A faithful copy of the listing below is needed, with its pictures left out.

**Provided data:**
+ + + + + + +

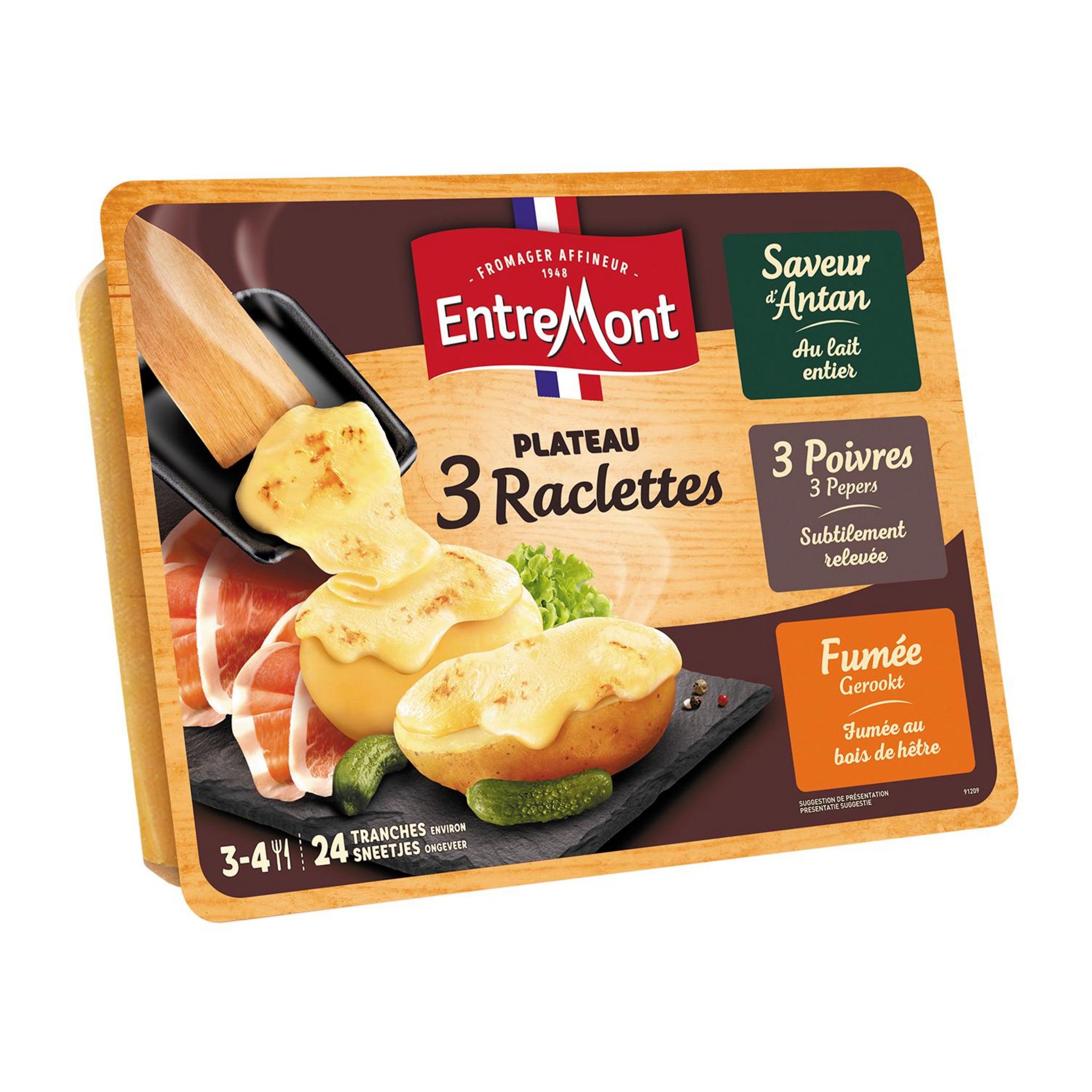 Raclette  Entremont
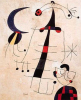 Joan Miro art print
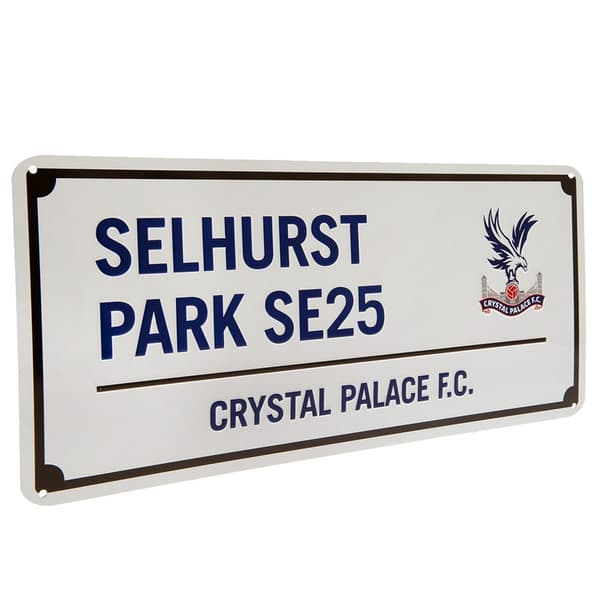 Crystal Palace FC Selhurst Park SE25 Plaque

+ + + + + + +

**Output for this exercise:**
 Raclette  Entremont
 Joan Miro art print
 Crystal Palace FC Selhurst Park SE25 Plaque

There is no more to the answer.